Lastly, the letter urges DOC to implement the following for New Yorkers in City custody:
- Release all persons serving city-sentences, particularly those who are medically vulnerable.
- Publicly report to people in custody and the public new protocols regarding sick call, access to medical treatment, and COVID related housing and staffing changes, including for example staffing of units that require specialty or additional training, numbers of people in units where out-of-cell time is restricted, and other important data.
- Ensure that telemedicine and video-conferencing for victim advocacy is available to compensate for any gaps in BOC in-person health standards, and consider recruiting outside medical staff to lessen CHS’s burden.
- Ensure that PREA standards regarding medical and mental health care are upheld for all survivors throughout this time.
“Transgender people continue to be moved from facility to facility because the Department of Correction often houses them incorrectly and then needs to move them to another housing area,” said Deborah Lolai, Supervising Attorney of the LGBTQ Defense Practice at The Bronx Defenders. “This means that transgender people are going to be exposed to many more people and units than their cisgender counterparts, increasing their risk of contracting COVID-19. We need the state to recognize the urgency of the situation and to release vulnerable transgender people before its too late.”
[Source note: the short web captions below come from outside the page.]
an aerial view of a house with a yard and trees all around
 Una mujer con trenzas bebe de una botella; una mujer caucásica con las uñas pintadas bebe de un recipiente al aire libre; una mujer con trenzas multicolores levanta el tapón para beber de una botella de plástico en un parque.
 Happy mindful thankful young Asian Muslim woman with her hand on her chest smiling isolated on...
TGNCNBI individuals in jails and prisons should be released from custody, and swiftly. They are at extraordinary risk of violence, isolation, and suffer greatly from the decreased access to medical and mental health care and other necessary resources. The truth is that the prisons and jails cannot keep vulnerable people safe right now. No one detained or incarcerated has been sentenced to die,” said Mik Kinkead, Staff Attorney with the Rikers Island Civil Re-Entry Project, Civil Practice, at The Legal Aid Society.
“Because of discrimination in accessing healthcare and health insurance, TGNCNBI people are at greater risk if they are exposed to COVID-19. This risk is even more grave in New York’s prisons and jails where safety is never guaranteed and medical care is sporadic. The government has the power to stem the crisis of COVID-19 spreading throughout our jails and prisons by releasing vulnerable people and any delay puts all New Yorkers at risk. Before it is too late, TGNCNBI people must be released,” said Kelsey De Avila, Jail Services Project Director at Brooklyn Defender Services.